Microsoft Claims Patent On Elements of Embedded Linux?
Preedit writes "An InformationWeek story points out a recent deal between Microsoft and Japanese printer maker Kyocera Mita. Under the agreement, Kyocera obtained from Microsoft a license to patents used in 'certain Linux-based embedded technologies.' The question the author asks is why Kyocera needs a patent license from Microsoft to develop its embedded Linux products."
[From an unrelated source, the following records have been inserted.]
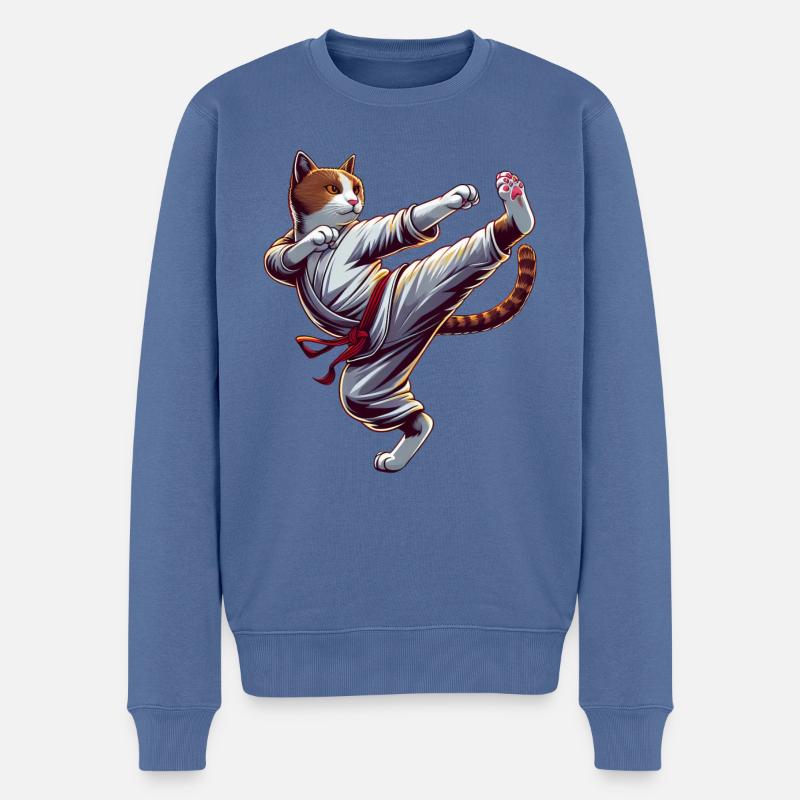 Coole Karate-Katze im Comic-Stil - Männer Premium Bio Pullover - Taubenblau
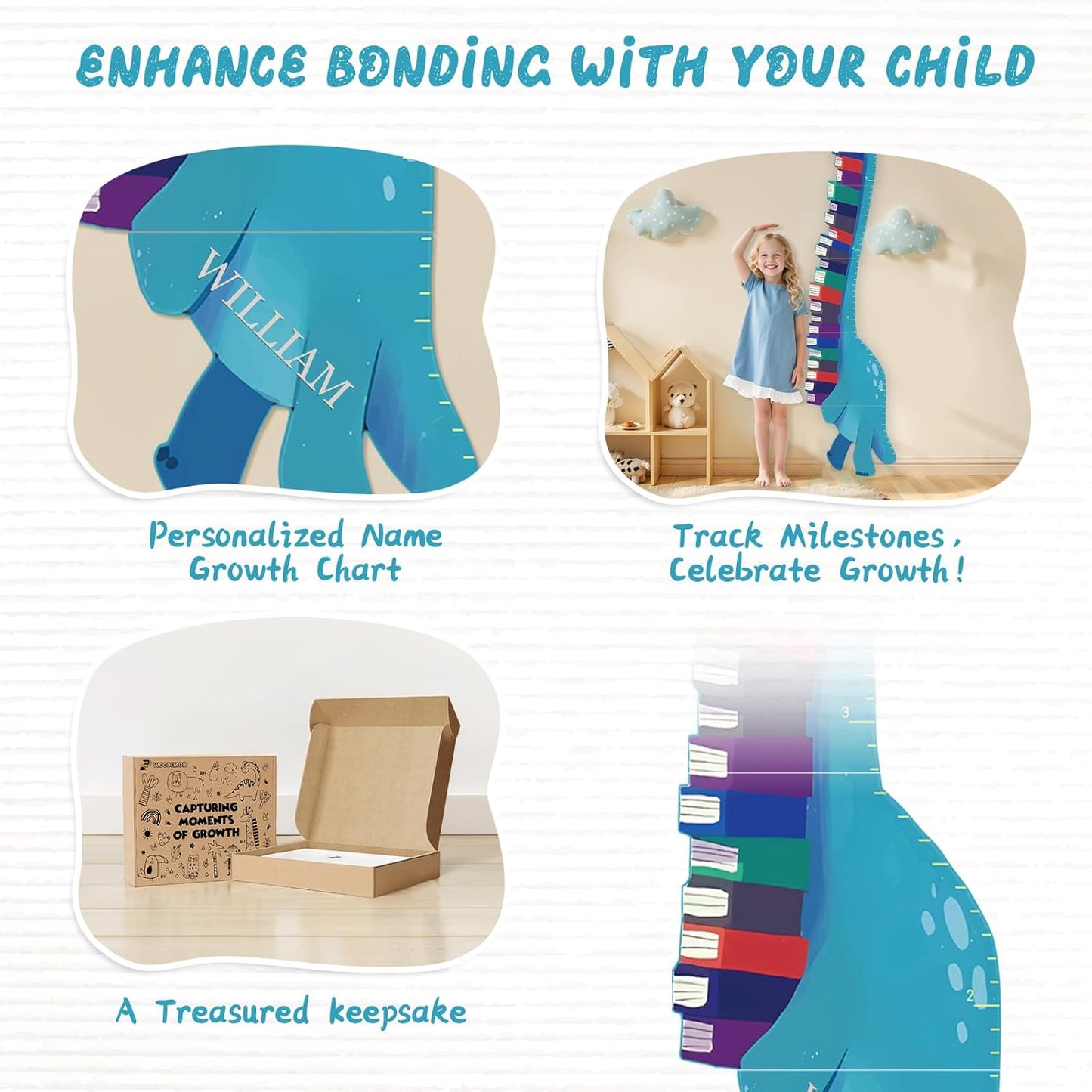 Personalized Name Growth Chart for Wall, Dinosaur Book Wooden Growth Chart Kids Height Chart,Growth Ruler for Toddler Playroom Decor 62.4" x 15.5"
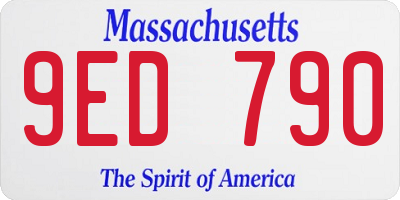 MA license plate 9ED790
That this Japanese company is forced to pay shake-down money to a company that DOES NOT OWN THE TECHNOLOGY THEY ARE DEMANDING PAYMENT FOR!, means that La Cosa Nostra is alive and well but instead of being headquartered in New York or Chicago or Las Vegas (or Cuba), they have put down new roots in Redmond Washington. The technology was developed elsewhere by other people. Thank God Don Knuth published "The Art of Computer Programming" so many years ago. It covers thousands of algorithms (basically mathematical statements) covering computing, and thus, a source of prior art for all of the so-called patents that Microsoft so greedily tries to get (basically by checking a copy of the book out from the Library --they are too cheap to buy their own copy), and patenting everything in sight, then taking all and sundry to court for patent violation. When prior art is called, they say whoops, sorry, and in the mean time, the market has been swallowed by them (again). Bastards! Lying, stealing, cheating Bastards! Morally bankrupt and without a shred of decency, BASTARDS!